Cultures of violence are characteristic of many countries in sub-Saharan Africa and attempts to move towards cultures of peace have often proved difficult and ineffectual. And yet, the wide variations in levels of violence within and between countries show that it is not inevitable; rather, it is the result of choices made at individual, community and societal levels. This book examines the potential of peace infrastructures as vehicles to strengthen and spread progress towards cultures of peace. Peace infrastructures vary hugely in sophistication and level. The examples examined in this book range from tiny structures which help resolve conflicts between individuals and within community organisations, peace committees which serve local communities, peace education and peace club programmes in schools, mediation mechanisms to prevent election violence and to ministries of peace to coordinate government and non-government efforts in peacemaking and peacebuilding. The overall finding is that the development of peace infrastructures at all levels has great potential to build cultures of peace. 1. It is the only book available which documents the experience and potential of nonviolence in post-independence sub-Saharan Africa. 2. It makes a persuasive case for the development of various peace infrastructures in order to make peace sustainable. 3. It explains how strategic planning can be utilised, both to bring about change and to institutionalise it.
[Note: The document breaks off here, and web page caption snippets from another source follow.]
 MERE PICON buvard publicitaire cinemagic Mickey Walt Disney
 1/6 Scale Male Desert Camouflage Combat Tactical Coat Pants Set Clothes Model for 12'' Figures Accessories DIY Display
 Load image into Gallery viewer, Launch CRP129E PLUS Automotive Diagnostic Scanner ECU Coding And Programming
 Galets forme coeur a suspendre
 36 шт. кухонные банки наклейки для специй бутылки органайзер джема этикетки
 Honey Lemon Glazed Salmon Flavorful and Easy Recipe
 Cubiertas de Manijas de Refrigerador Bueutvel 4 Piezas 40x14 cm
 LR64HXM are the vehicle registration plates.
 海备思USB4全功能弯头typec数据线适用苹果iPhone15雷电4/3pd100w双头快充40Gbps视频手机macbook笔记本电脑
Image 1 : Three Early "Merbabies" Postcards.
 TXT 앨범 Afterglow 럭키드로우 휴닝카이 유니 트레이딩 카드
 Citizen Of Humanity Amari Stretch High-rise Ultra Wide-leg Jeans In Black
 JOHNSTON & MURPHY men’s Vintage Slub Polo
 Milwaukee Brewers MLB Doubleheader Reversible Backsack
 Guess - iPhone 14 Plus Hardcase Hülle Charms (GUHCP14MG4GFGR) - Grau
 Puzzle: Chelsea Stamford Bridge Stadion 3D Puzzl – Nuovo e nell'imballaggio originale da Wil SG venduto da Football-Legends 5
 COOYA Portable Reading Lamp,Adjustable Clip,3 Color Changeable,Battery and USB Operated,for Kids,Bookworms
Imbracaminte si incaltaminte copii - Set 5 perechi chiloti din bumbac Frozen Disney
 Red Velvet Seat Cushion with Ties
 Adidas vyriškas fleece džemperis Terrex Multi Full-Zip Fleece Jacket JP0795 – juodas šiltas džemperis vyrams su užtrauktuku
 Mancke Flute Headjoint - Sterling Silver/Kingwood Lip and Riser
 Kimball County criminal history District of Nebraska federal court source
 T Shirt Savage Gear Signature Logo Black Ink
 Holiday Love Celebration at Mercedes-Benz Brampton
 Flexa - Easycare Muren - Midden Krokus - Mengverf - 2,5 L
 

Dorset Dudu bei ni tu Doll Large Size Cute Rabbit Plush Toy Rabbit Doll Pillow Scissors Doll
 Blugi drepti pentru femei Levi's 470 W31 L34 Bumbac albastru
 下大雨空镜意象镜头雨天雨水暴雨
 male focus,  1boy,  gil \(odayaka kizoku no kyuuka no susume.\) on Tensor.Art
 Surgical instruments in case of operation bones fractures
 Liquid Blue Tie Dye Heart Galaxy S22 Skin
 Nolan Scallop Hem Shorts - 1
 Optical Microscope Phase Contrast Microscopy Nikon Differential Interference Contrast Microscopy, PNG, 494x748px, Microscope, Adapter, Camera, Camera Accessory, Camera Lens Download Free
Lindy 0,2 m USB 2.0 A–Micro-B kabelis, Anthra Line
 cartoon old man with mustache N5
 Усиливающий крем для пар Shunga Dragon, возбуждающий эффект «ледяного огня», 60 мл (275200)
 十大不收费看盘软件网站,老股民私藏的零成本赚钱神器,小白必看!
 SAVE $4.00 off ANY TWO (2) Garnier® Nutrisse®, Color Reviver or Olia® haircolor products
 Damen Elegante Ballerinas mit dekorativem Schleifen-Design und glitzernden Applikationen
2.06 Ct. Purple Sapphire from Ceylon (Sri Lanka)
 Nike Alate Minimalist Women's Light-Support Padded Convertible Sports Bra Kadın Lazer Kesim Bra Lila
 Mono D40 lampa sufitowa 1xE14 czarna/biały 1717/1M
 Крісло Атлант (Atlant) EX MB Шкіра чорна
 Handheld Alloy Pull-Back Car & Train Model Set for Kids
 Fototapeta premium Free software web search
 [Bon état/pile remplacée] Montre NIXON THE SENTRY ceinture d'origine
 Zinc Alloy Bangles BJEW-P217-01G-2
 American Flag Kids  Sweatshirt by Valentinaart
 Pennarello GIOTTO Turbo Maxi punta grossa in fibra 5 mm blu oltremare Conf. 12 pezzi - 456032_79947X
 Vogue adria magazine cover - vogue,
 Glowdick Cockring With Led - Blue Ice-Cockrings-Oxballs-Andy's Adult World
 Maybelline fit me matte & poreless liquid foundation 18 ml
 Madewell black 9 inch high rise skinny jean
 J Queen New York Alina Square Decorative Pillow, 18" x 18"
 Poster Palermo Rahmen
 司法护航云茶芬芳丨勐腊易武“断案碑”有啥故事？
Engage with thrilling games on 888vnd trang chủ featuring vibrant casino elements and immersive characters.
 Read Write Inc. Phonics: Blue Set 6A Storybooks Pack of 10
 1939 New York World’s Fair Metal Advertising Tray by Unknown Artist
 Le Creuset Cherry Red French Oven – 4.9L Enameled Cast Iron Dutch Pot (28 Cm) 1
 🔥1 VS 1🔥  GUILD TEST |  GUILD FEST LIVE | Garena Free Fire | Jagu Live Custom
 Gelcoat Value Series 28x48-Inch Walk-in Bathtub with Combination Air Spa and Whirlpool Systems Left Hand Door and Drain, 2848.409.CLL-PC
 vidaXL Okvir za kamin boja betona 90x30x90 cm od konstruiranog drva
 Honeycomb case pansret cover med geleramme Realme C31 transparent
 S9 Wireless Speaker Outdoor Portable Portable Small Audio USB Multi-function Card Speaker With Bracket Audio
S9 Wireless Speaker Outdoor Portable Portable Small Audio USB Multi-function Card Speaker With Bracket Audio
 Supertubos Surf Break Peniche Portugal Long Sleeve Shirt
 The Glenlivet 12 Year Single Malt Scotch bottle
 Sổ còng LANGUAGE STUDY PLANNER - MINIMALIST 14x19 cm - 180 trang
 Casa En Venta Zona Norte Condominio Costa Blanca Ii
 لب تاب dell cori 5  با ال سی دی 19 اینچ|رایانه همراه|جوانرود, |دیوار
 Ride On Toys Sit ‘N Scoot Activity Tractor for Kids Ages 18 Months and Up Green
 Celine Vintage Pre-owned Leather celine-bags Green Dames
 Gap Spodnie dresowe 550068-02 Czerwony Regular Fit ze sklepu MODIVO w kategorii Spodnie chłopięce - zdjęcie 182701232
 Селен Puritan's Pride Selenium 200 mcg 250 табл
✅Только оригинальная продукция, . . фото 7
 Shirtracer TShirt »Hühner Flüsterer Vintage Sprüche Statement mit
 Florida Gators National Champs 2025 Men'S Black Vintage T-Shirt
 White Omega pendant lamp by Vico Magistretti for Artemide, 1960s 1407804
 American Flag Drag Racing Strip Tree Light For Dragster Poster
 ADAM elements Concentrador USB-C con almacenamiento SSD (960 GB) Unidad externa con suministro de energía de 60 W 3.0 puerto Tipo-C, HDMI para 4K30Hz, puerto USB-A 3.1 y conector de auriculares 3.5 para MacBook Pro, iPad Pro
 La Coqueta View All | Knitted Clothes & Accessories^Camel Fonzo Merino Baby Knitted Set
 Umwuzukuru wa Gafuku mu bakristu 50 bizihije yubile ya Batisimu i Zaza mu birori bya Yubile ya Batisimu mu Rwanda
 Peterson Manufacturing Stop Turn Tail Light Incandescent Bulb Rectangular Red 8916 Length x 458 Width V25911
Peace Formation and Political Order in Conflict Affected Societies

Peace Formation and Political Order in Conflict Affected Societies
Author :
Publisher : Oxford University Press
Total Pages : 265
Release :
ISBN-10 : 9780190496265
ISBN-13 : 0190496266
Rating : 4/5 (65 Downloads)

Synopsis Peace Formation and Political Order in Conflict Affected Societies by : Oliver P. Richmond

As Oliver Richmond explains, there is a level to peacemaking that operates in the realm of dialogue, declarations, symbols and rituals. But after all this pomp and circumstance is where the reality of security, development, politics, economics, identity, and culture figure in; conflict, cooperation, and reconciliation are at their most vivid at the local scale. Thus local peace operations are crucial to maintaining order on the ground even in the most violent contexts. However, as Richmond argues, such local capacity to build peace from the inside is generally left unrecognized, and it has been largely ignored in the policy and scholarly literature on peacebuilding. In Peace and Political Order, Richmond looks at peace processes as they scale up from local to transnational efforts to consider how to build a lasting and productive peace. He takes a comparative and expansive look at peace efforts in conflict situations in countries around the world to consider what local voices might suggest about the inadequacy of peace processes engineered at the international level. As well, he explores how local workers act to modify or resist peace processes headed by international NGOs, and to what degree local actors have enjoyed success in the peace process (and how they have affected the international peace process).